Pantauan di Pasar Rebo Purwakarta menunjukkan sejumlah sayuran mengalami kenaikan signifikan. Harga selada kini dijual Rp 28.000 per kilogram, naik dari sebelumnya Rp 14.000. Sawi hijau juga melonjak dari Rp 7.000 menjadi Rp 15.000 per kilogram.

Sementara itu, cabai merah tembus Rp 70.000 per kilogram, dua kali lipat dari harga sebelumnya. Kenaikan juga terjadi pada tomat, kubis, mentimun, wortel, dan sawi putih, meski tidak semuanya mencapai 100 persen. Kondisi ini membuat pembeli mengurangi volume belanja harian mereka.

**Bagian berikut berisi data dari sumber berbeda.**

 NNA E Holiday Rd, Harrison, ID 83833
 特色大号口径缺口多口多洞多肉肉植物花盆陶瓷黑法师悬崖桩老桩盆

“Harga sayuran sekarang naik semua. Saya jual lagi, jadi keuntungan makin kecil. Harapannya semoga harga bisa normal lagi,” ujar Tohari, salah satu pedagang sayur di Pasar Rebo, Senin (10/11/2025).

Senada, pedagang lainnya bernama Dadang mengatakan penjualan sayur menurun tajam karena daya beli masyarakat melemah.

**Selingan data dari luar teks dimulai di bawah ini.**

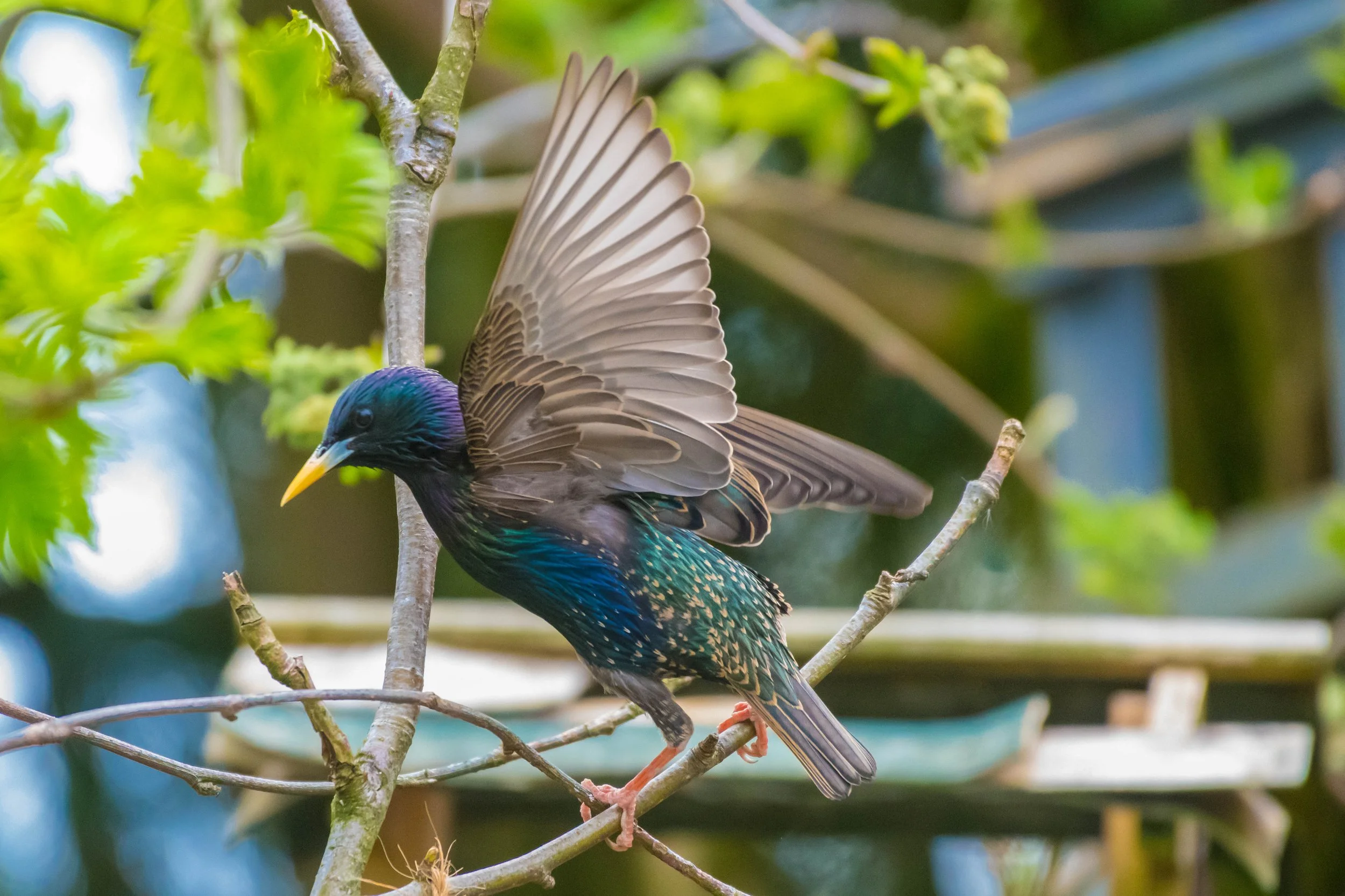 Waterside WL (5 of 8).jpg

“Banyak sayur yang naik karena pasokan dari petani berkurang akibat cuaca. Dampaknya, penjualan kami turun,” ungkapnya.

Para pedagang memperkirakan harga baru akan stabil kembali jika cuaca mulai membaik dan pasokan dari sentra produksi seperti Lembang, Pangalengan, dan Subang kembali lancar.

Kondisi cuaca ekstrem yang melanda wilayah Jawa Barat dalam beberapa minggu terakhir tidak hanya berdampak pada sektor pertanian, tetapi juga memengaruhi rantai pasok bahan pangan di sejumlah pasar tradisional.

Pemerintah daerah diimbau untuk memantau situasi harga dan memastikan ketersediaan stok kebutuhan pokok masyarakat.